Blooom was self-funded for its first two years by Costello and his two co-founders, Randy AufDerHeide and Kevin Conard. Last October Blooom secured a $4 million round of Series A investment. The funds came from national companies QED Investors, Commerce Ventures, Hyde Park Venture Partners, Prudential and two Kansas City companies, DST Systems Inc. and UMB Bank.
And it has been making its mark in the Kansas City area, as well. In 2015, Blooom competed against 377 companies nationwide in the Kauffman Foundation’s One in a Million competition,” and was named first-place winner by a panel of judges including Marcelo Claure, CEO of Sprint Corp.; Nicole Glaros, partner and chief product officer of Techstars; and Miriam Rivera, Google’s first vice president and deputy general counsel. The judges evaluated the teams based on long-term potential, management team and marketability. The prize was a check for $10,000 presented by Mayor Sly James.
The company’s clients also hail from high-impact corporations, including Microsoft, Oracle, Amazon, Apple and others.
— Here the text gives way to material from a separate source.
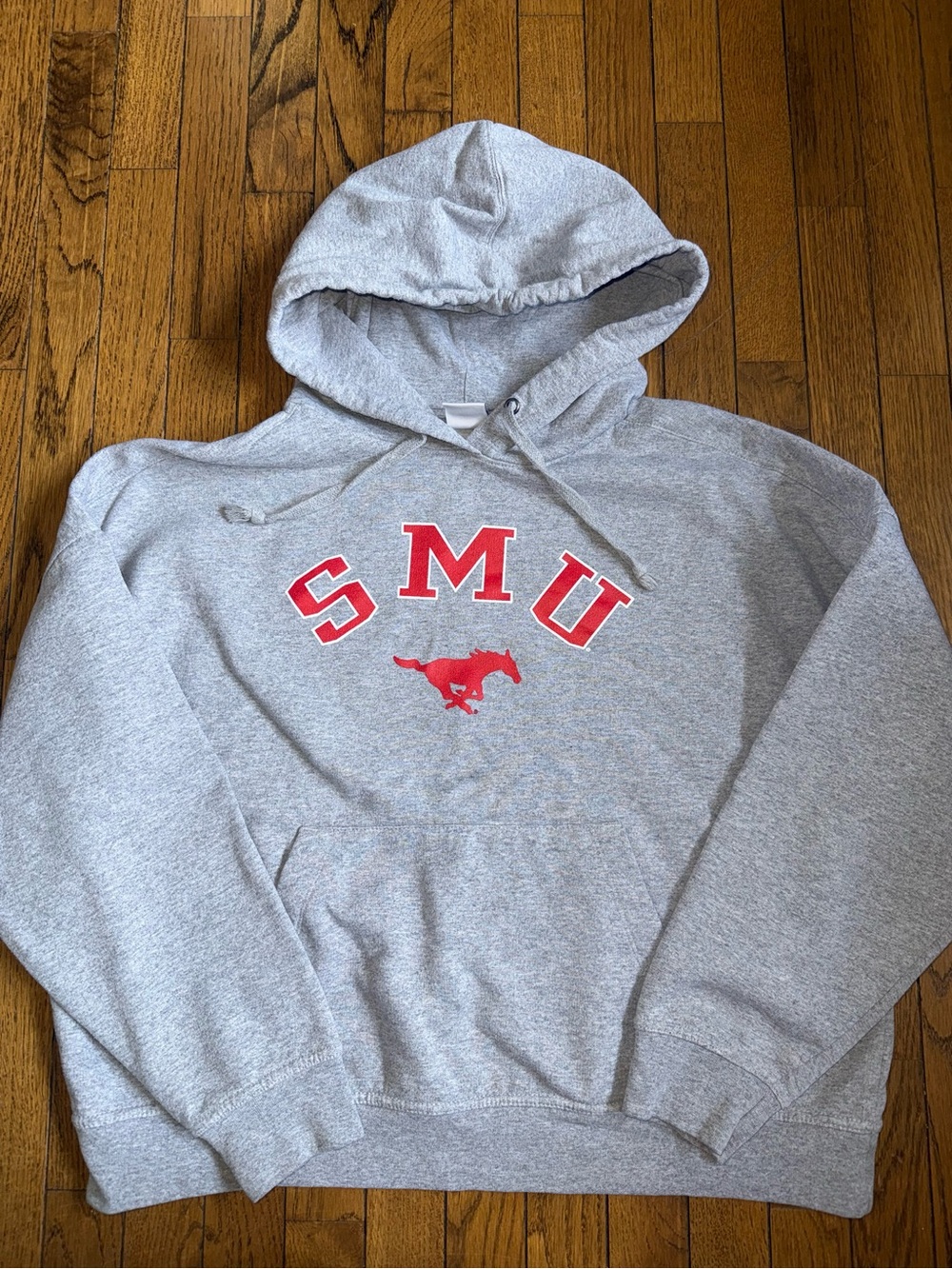 SMU Grey Hooded Sweatshirt with Red Logo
“Right now our demographic is professionals in the 35 to 45 age range with 401ks anywhere from a few hundred dollars to a couple hundred thousand,” Costello says. “We are a little heavily weighted toward men – but I’d like to see that change.”
Costello says women are prime candidates for Blooom. “Men tend to let their egos get in the way. They like to believe they can study the market and make their own choices. They don’t ask for help. We think women will ask for help and will like the idea of being able to do it all online.”
What’s with the extra “o”?
The extra “o” in Blooom’s name is not the result of some typo on its application to become a Registered Investment Advisor (also known as a robo-advisor), nor is it some kind of mystical homage to the Greek god of financial services companies. According to Costello, it was a question of Internet domain name availability and the fact that bloom.com already had been taken.
Because the company wanted to stay with the imagery of a blooming flower representing your blooming 401k, the decision was made to drop in the extra “o” and plant that seed on the Web.
It is, however, something people always ask about, and “if bloom.com ever became available, I’d probably try to buy it,” Costello said.
And yes, it plays havoc with your autocorrect, but might do some good for your 401k.